It’s not the only company to have woven ties with Quebec’s aboriginal groups. Goldcorp Inc. last year struck an agreement with the Cree nation for its Eleanore gold project that many said would set the standard for others to come. But rarely has a miner gone as deep in its relationship with First Nations.
“We went under confidentiality with the Crees and gave them full access to every aspect of our project,” Stornoway chief executive Matt Manson said in an interview. “Quite often these agreements are negotiated in an adversarial context. And we sort of recognized that we were dealing with people who were very sophisticated. And we went in the opposite way” into nearly-full transparency.
The approach has its benefits, especially as it relates to securing a motivated workforce, Mr. Manson said. Stornoway’s biggest operating risk with the Renard mine will be finding skilled employees, and developing a close partnership with the Cree community will help offset that risk.

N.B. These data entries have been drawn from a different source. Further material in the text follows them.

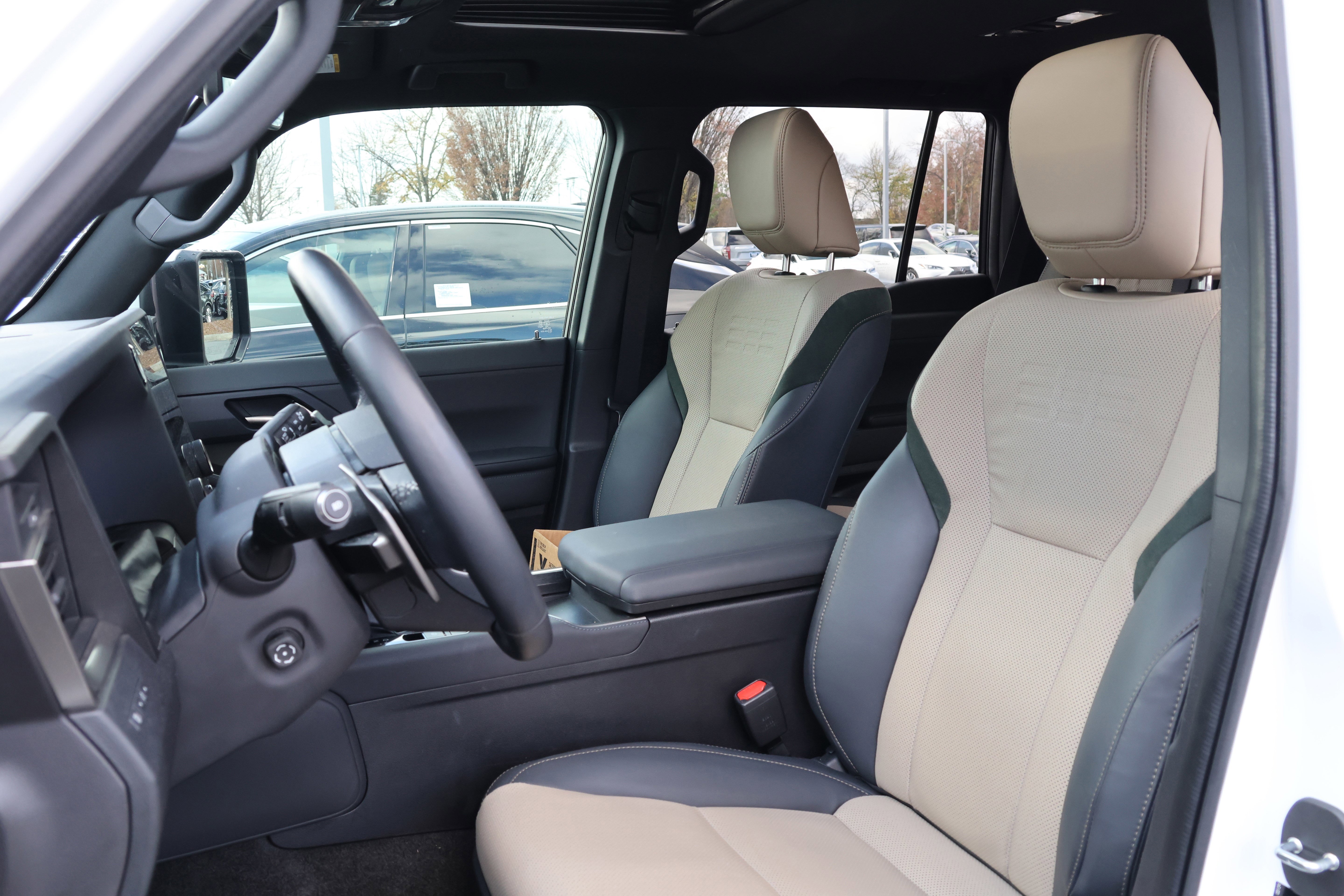 Used 2024 Lexus GX 550 image 33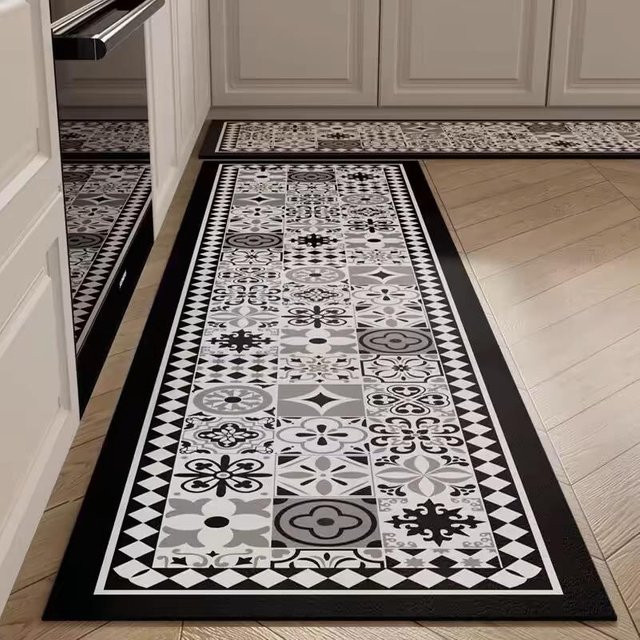 Saugfähige und rutschfeste Kieselgurmatte von Binchi Furniture in Schwarz, modern und floral, B/T: 40 x 60 cm oder 40 x 120 cm - Bild 1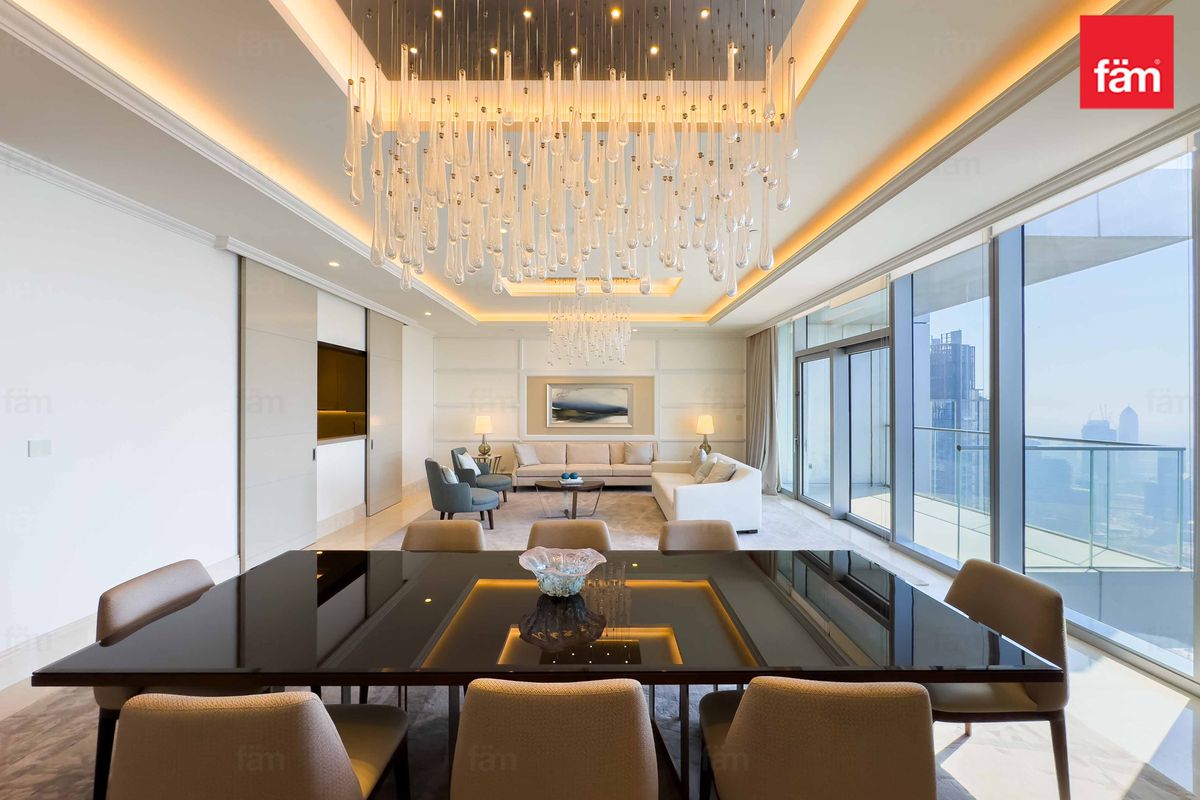 4 Bedroom Penthouse |  Direct Access to Dubai Mall-25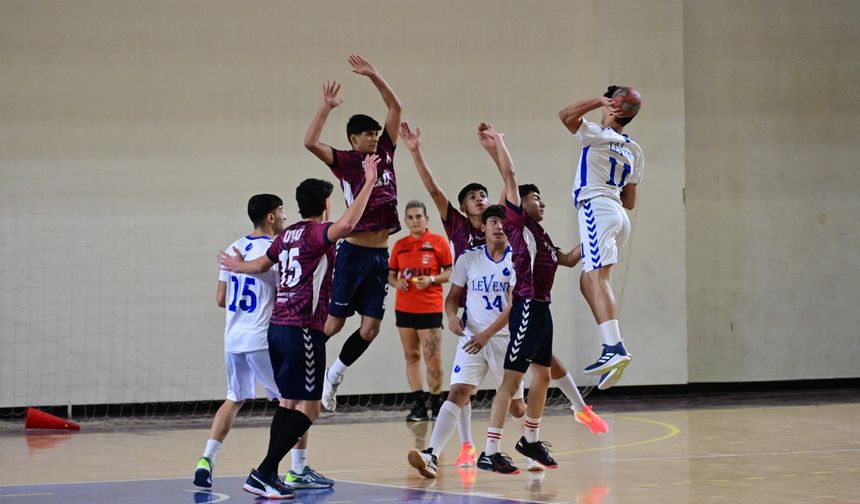 Hentbol’da U18 ligi devam ediyor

“We view the agreement positively as it demonstrates the company’s commitment to and success in obtaining a social licence for the project, above and beyond the satisfaction of regulatory environmental requirements,” Desjardins Securities analyst Brian Christie said.

The Renard mine site is located about 350 kilometres north of Chibougamau in the James Bay region. Stornoway’s feasibility study for the project estimates production would peak at 2.1 million carats per year, with an operating cost of $54.71 per tonne yielding a 68% operating margin over the first 11 years of mine life. Pre-production capital cost stands at $802-million.
One of the problems in Canada’s past has been to not involve First Nations or Inuit in resource projects until work begins, said Thomas Molloy, a native land claims expert with law firm Miller Thomson LLP in Saskatoon. “Meanwhile, a whole bunch of suspicion and mistrust foments. [In general] this is improving but it’s nowhere we it should be.”
The agreement signing comes as mining giant Rio Tinto revealed it has begun exploring a potential sale of its diamond business, which consists of three mines and an advanced project including the Diavik mine in the Northwest Territories. BHP Billiton is also trying to sell its nearby Ekati mine.
While demand for diamonds is growing, a lack of new discoveries is limiting the kind of expandability both companies are seeking in their resource assets.